Through Allison the heroes of the ages are summoned and joined together to face this menace, even as they fight it in their own times. Conan; a thief and reaver from a land before time, who has often crossed paths with the Stygian wizards who worship Set. Marc Spector, known as the Moon Knight; chosen of Khonshu, the Pale Crescent of Egypt, who has fought to delay the night when Set drags the moon from the sky and all becomes black. Solomon Kane; a Puritan and Paladin who seeks to destroy all that is evil in the name of his One True God. Dark Agnes; a fierce and fiery woman warrior, who slew her betrothed and rode off in search of adventure rather than be a dull and dutiful wife. All shall be tested as never before, in a battle for the souls of all humanity!
Presumably there is some reason why “James Allison” was not Robert E. Howard in this story, though it is clear who the author summoning these ancient heroes into battle is meant to be. Even without the reference to Cross Plains, Texas (Howard’s home town, if you did not know.), the artwork captures the famous Howard house (now a museum) quite well and writer Jim Zub does a masterful job of mimicking Howard’s prose with the text introducing this issue, which sounds like it could have come straight from Weird Tales.
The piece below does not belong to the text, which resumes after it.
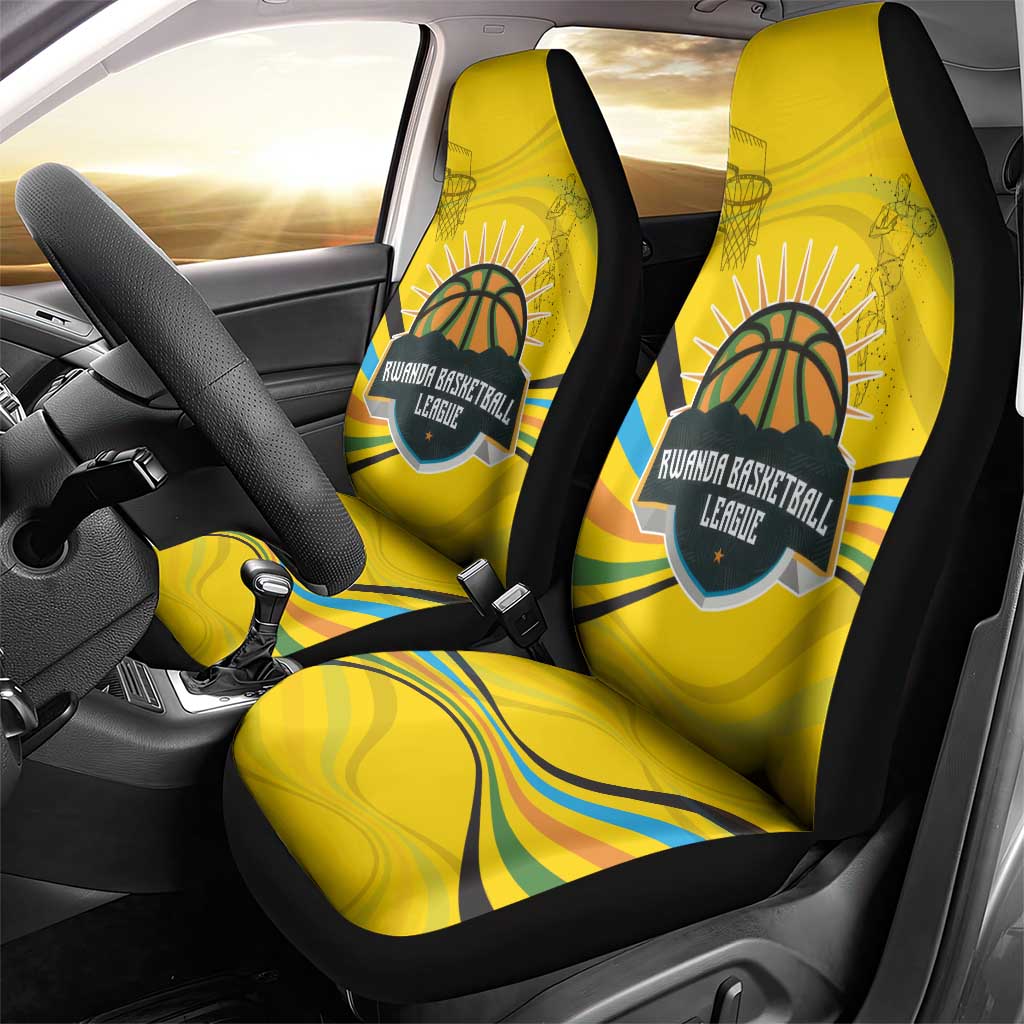 Rwanda Car Seat Cover with Basketball League Court Hoop Yellow Wave Spirit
In other words, Conan: Serpent War #1 is not your typical team-up comic, nor is it at all exploitative of Howard’s work and characters. Solomon Kane, Conan and Dark Agnes are all written true to form here, though I know that some Howard scholars will debate the appropriateness of Agnes fighting cultists when the two stories involving her which Howard completed were non-supernatural historical pieces. (A third unfinished Dark Agnes story, “Mistress of Death,” was completed by Gerald W. Page in 1971 and includes a sorcerer villain, but it is largely considered a lesser work.) I’m not that familiar with Moon Knight, but he seems to be in character as well, from what I do know.
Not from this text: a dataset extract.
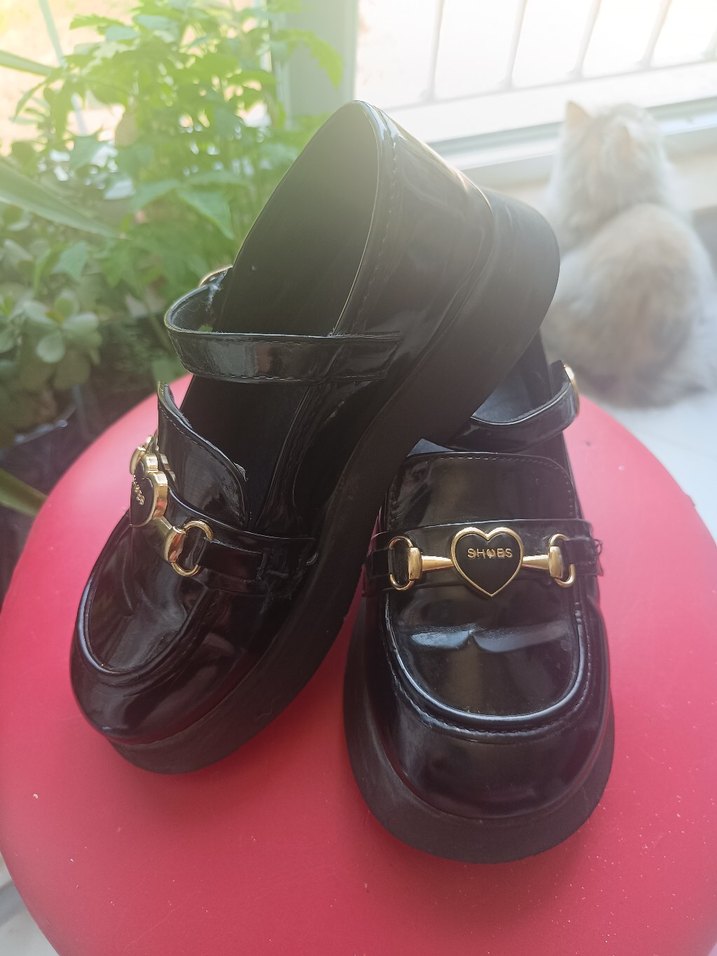 Kız Çocuk Siyah Rugan Tokalı Loafer Ayakkabı - Görsel 5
Amusingly, the only fault to the story is that it doesn’t introduce these heroes as well as it might have, so the Howard purists who might object to this adaptation on principle are the only ones who may get all the references. We do get two-page graphic montages showing the characters in action and detailing some of their exploits, but the text doesn’t give us much beyond a basic description of who they are. Presumably we will get to learn more in later issues as we see the heroes interact with one another.
The artwork is vividly detailed, with two teams handling different sections of the story. Vanesa R. Del Rey and Jean-Francois Beaulieu turn the sequences showing James Allison into vivid works of horror, reminiscent of the EC Comics of the early 1950s. The main section of the comic showing our heroes in action look more traditionally heroic but are no less skillfully brought to life by Scot Eaton, Scott Hanna and Frank D’Armata. Travis Lanham also deserves praise for his clear, precise lettering and his expressive sound effects balloons.
While not a substitute for The Complete Robert E. Howard Library, Conan: Serpent War #1 is a spirited tribute to Howard’s work and heroes. I’m not sure how effective it is in introducing Howard’s more obscure heroes to modern audiences, but I do hope we might get a Dark Agnes solo series out of this book.
(EDIT NOTE: Apparently there IS a Dark Agnes mini-series on the way. Hurray!)
Conan: Serpent War #1 releases on December 4th, 2019!